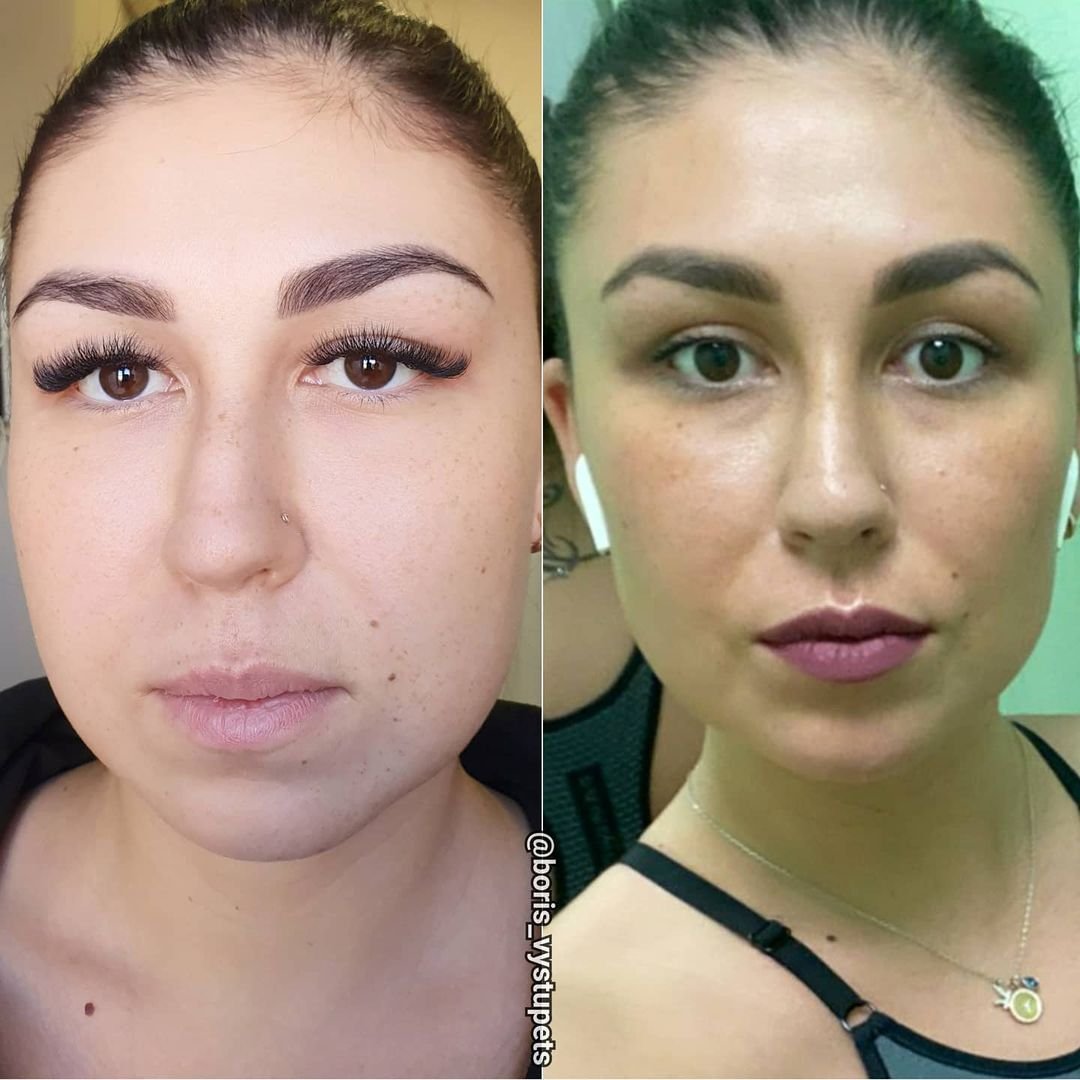 Асимметрия бровей до и после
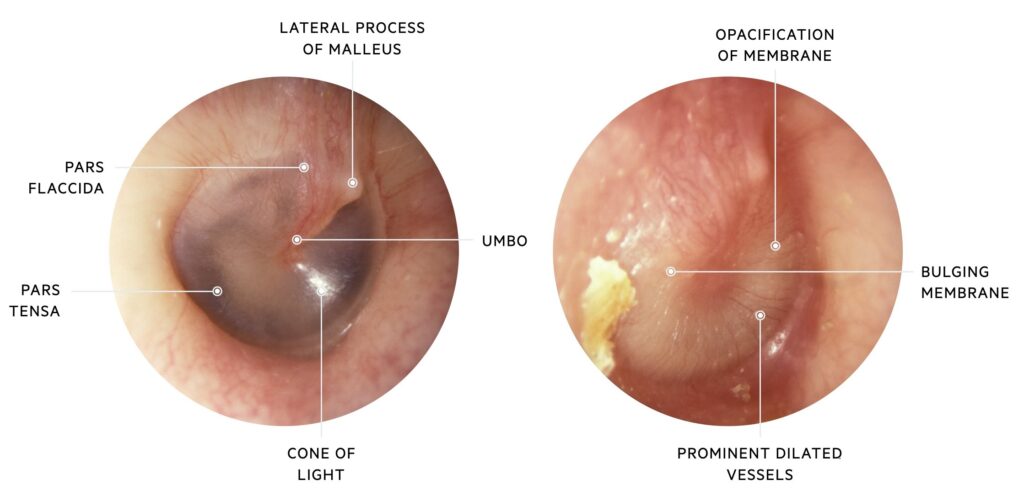 Acute Otitis Media
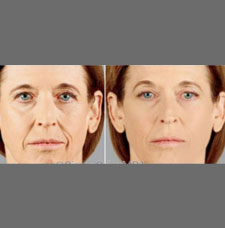 Non surgical facelift image25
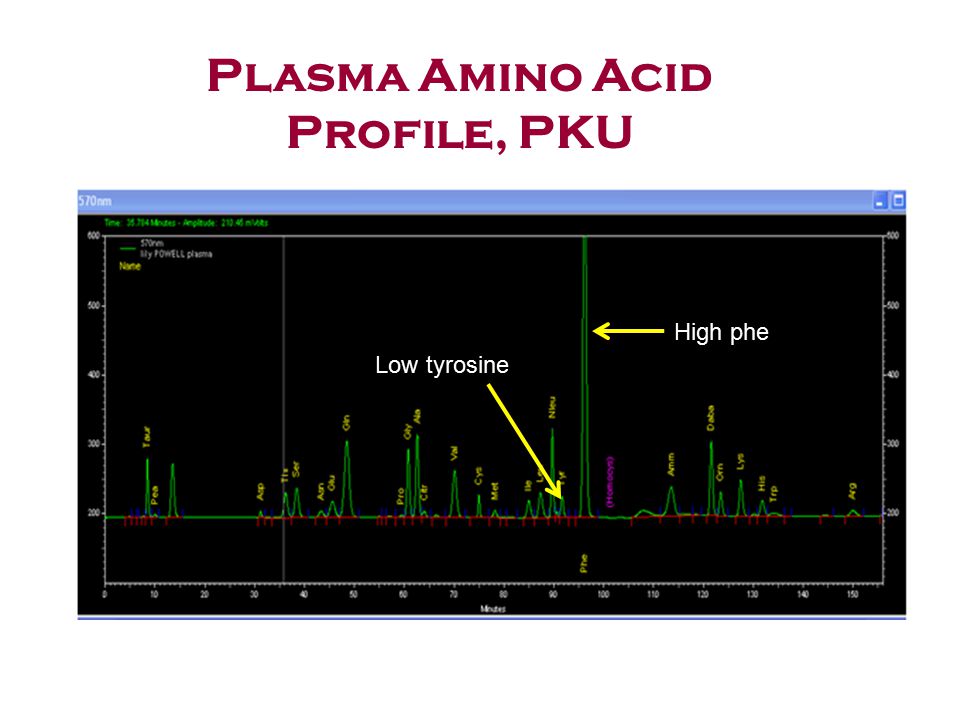 Plasma amino acids essay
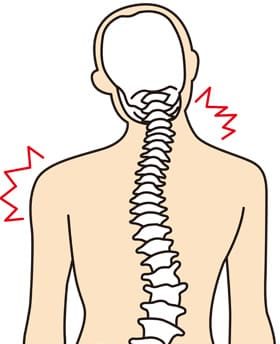背骨のゆがみ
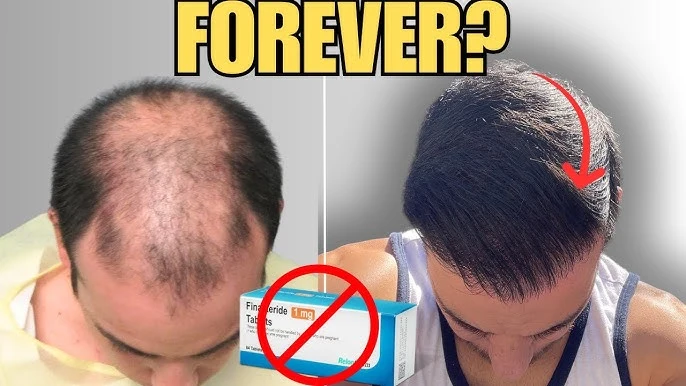 Before-and-after comparison with text FOREVER?: man with hair loss on left, fuller hair on right, with finasteride box crossed out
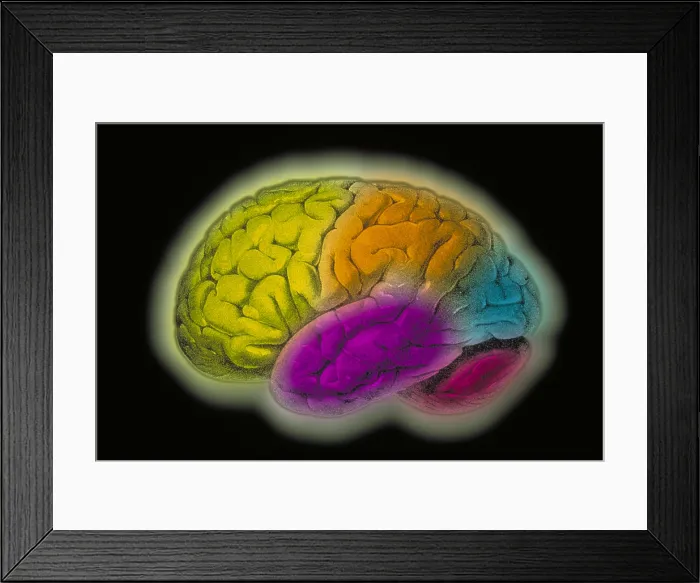 Framed Print : Human brain Framed Print : Human brain
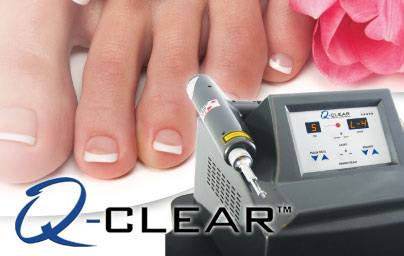 Q-Clear Laser Treatment for Fungal Toenails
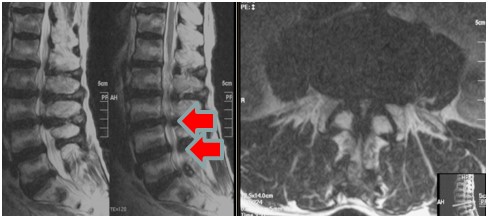 左：MRI矢状断麺　右：体軸断面　矢印部に狭窄を認める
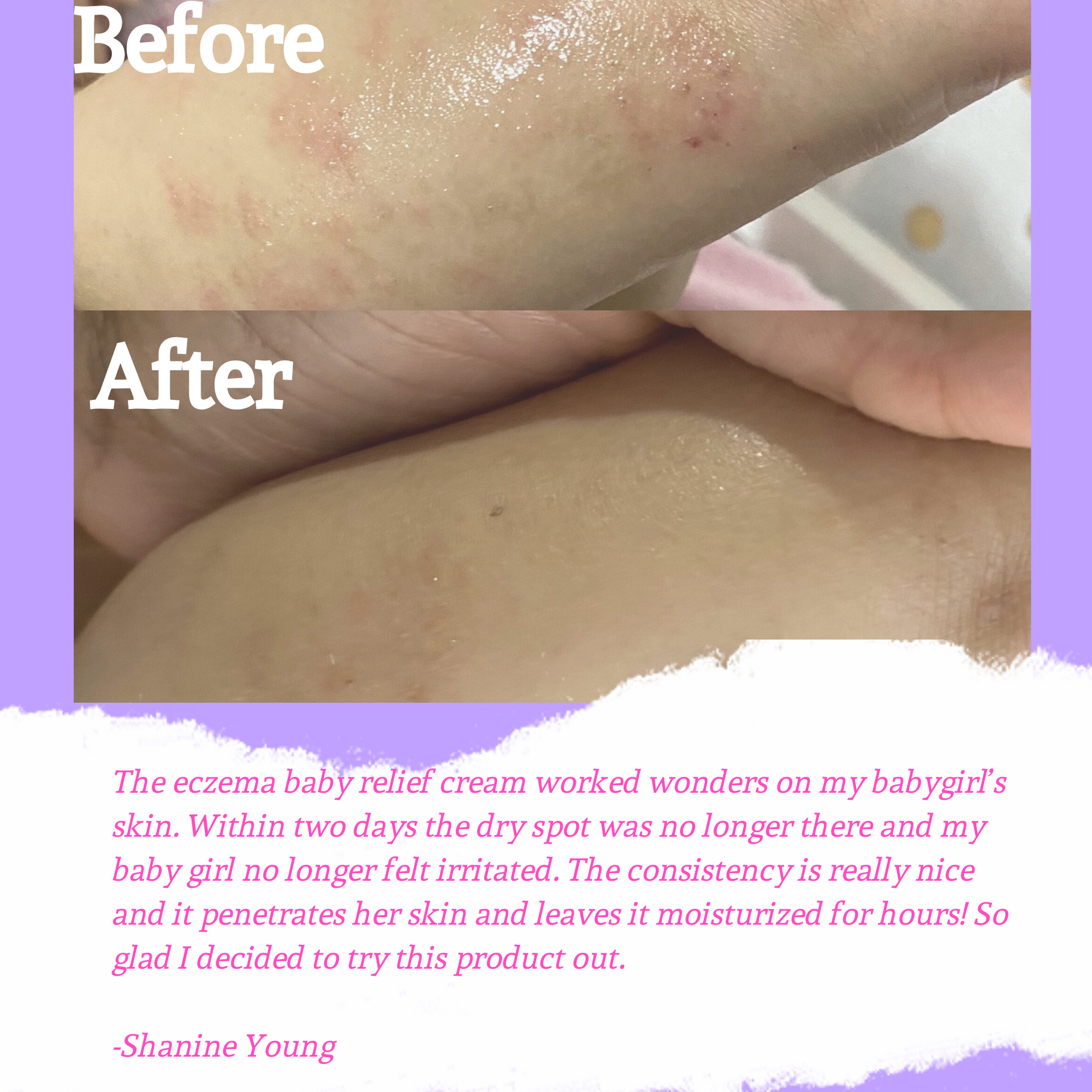 Soothing Eczema Anti Itch Relief Butter
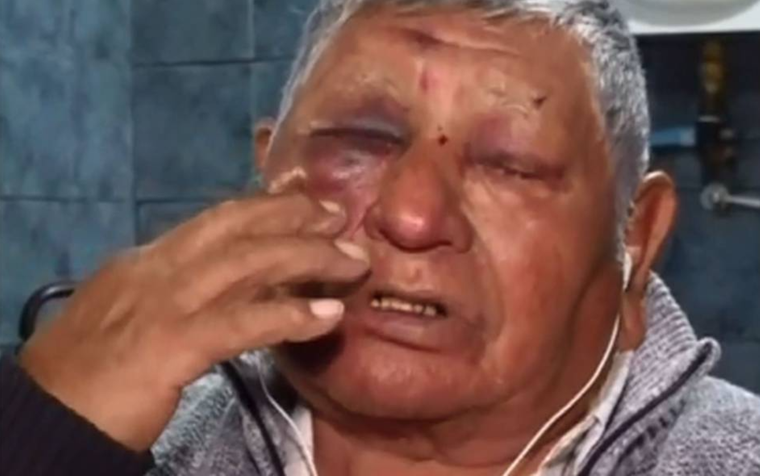 Luego del violento ataque al jubilado y tras presentar pruebas, el agresor quedó en libertad.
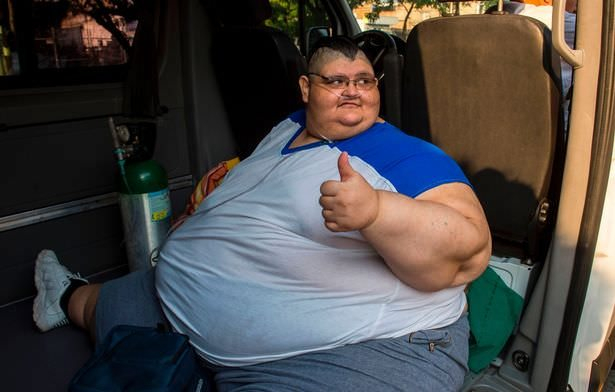 Най-дебелият човек в света свали 175 килограма, за да може лекарите да достигнат до стомаха му 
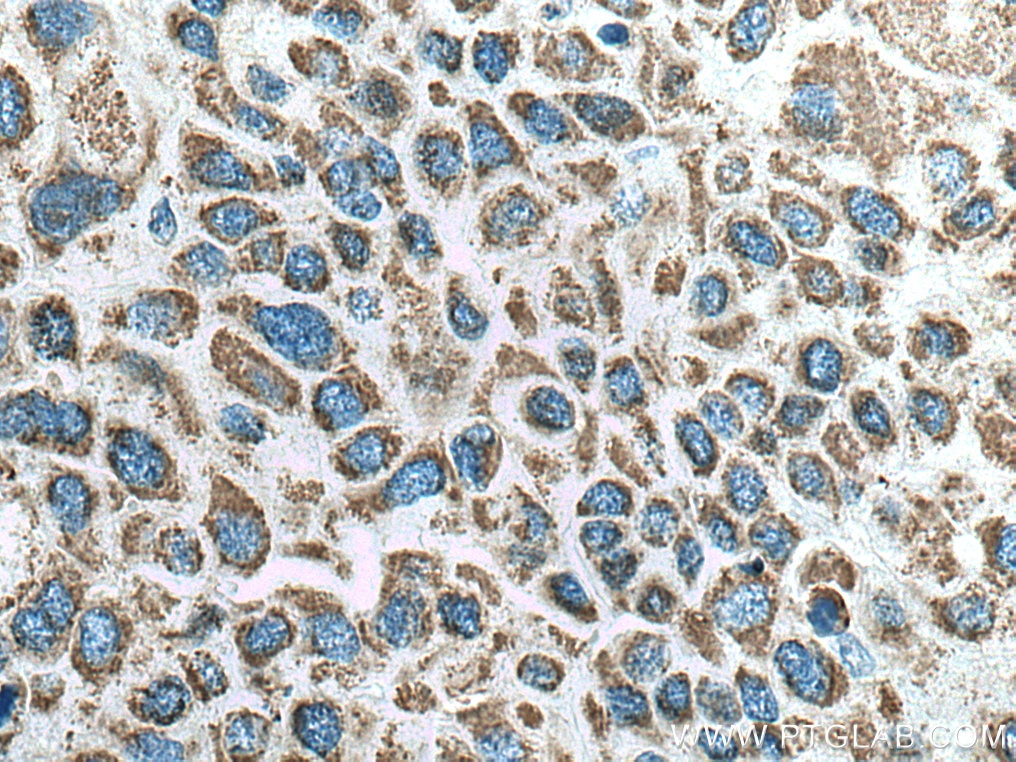 Immunohistochemistry (IHC) staining of human liver cancer tissue using ALDH5A1 Monoclonal antibody (67347-1-Ig)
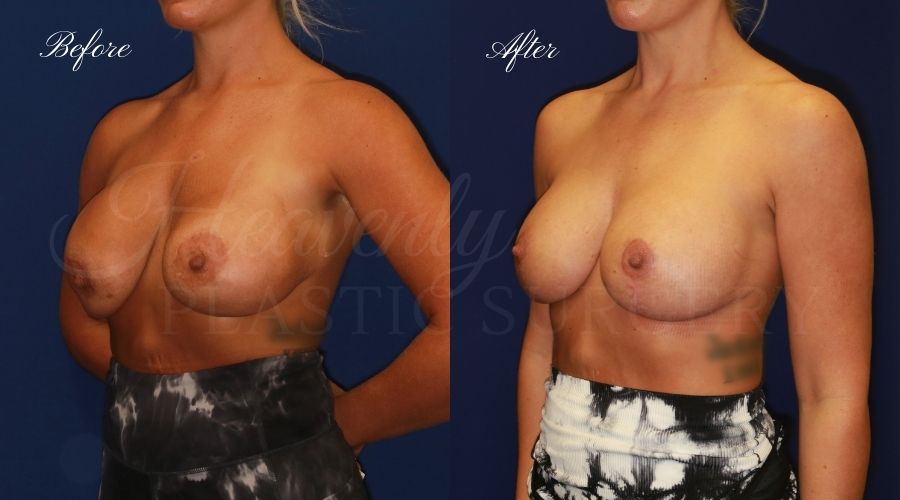 Breast Implant Exchange and Breast Lift - 310cc SRM Silicone Implants with Wise pattern Mastopexy (Anchor Scar)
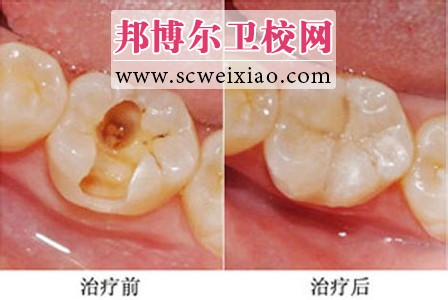 窩洞的命名與分類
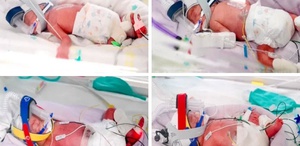 Avustralya’da bir kadın doğal yolla gebelik sonucu tek yumurta dördüzleri dünyaya getirdi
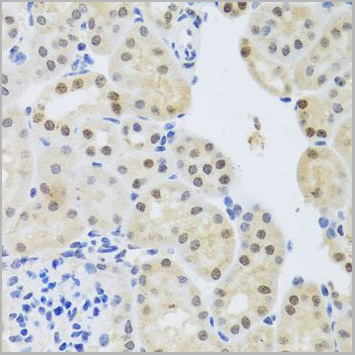 product-image-AAA28171_IHC2.jpg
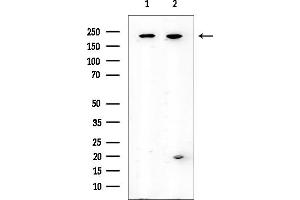 anti-Eukaryotic Translation Initiation Factor 4 Gamma, 1 (EIF4G1) (Internal Region) antibody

* Aim of the exercise
Exclude images and repeat all entries exactly.

* Problem solution
 Асимметрия бровей до и после
 Acute Otitis Media
 Non surgical facelift image25
 Plasma amino acids essay
背骨のゆがみ
 Before-and-after comparison with text FOREVER?: man with hair loss on left, fuller hair on right, with finasteride box crossed out
 Framed Print : Human brain Framed Print : Human brain
 Q-Clear Laser Treatment for Fungal Toenails
 左：MRI矢状断麺　右：体軸断面　矢印部に狭窄を認める
 Soothing Eczema Anti Itch Relief Butter
 Luego del violento ataque al jubilado y tras presentar pruebas, el agresor quedó en libertad.
 Най-дебелият човек в света свали 175 килограма, за да може лекарите да достигнат до стомаха му 
 Immunohistochemistry (IHC) staining of human liver cancer tissue using ALDH5A1 Monoclonal antibody (67347-1-Ig)
 Breast Implant Exchange and Breast Lift - 310cc SRM Silicone Implants with Wise pattern Mastopexy (Anchor Scar)
 窩洞的命名與分類
 Avustralya’da bir kadın doğal yolla gebelik sonucu tek yumurta dördüzleri dünyaya getirdi
 product-image-AAA28171_IHC2.jpg
 anti-Eukaryotic Translation Initiation Factor 4 Gamma, 1 (EIF4G1) (Internal Region) antibody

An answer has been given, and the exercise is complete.